### EXERCISE PROMPT
Report, as a single number, how many lines of the records contain the word "Puppy".

* * *

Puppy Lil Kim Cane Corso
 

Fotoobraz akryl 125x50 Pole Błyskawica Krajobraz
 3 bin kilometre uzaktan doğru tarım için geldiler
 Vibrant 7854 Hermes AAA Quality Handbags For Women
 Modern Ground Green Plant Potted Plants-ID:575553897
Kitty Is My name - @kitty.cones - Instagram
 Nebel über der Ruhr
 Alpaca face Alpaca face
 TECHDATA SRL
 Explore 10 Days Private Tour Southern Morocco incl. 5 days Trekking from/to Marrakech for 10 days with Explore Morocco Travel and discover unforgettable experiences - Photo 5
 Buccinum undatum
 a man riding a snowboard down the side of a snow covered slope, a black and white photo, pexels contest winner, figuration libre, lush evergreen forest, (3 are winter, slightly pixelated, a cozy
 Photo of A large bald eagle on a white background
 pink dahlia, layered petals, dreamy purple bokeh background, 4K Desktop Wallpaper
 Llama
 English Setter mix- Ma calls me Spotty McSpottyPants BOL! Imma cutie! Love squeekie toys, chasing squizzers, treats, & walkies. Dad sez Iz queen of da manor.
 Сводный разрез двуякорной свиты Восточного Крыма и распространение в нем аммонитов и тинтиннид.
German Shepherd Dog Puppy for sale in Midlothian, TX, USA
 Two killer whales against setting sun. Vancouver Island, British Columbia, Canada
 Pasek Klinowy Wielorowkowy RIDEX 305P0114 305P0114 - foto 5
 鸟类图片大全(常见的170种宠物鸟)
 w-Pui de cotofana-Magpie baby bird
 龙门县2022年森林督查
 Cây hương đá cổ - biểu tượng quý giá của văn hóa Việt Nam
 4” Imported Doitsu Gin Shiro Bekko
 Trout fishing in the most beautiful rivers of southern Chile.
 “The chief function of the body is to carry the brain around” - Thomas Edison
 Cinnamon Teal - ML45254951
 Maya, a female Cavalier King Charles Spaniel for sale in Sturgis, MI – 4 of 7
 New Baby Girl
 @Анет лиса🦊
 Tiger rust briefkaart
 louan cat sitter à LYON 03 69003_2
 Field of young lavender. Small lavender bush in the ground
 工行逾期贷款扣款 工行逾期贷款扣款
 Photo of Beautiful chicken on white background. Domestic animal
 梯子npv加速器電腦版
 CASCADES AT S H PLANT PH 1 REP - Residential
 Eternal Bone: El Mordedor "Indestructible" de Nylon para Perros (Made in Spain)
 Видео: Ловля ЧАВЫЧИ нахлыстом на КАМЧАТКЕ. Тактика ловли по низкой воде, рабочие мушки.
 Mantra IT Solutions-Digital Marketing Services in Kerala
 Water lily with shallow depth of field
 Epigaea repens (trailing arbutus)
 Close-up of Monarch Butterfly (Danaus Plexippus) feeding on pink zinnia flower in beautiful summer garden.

* * *

### OUTPUT
2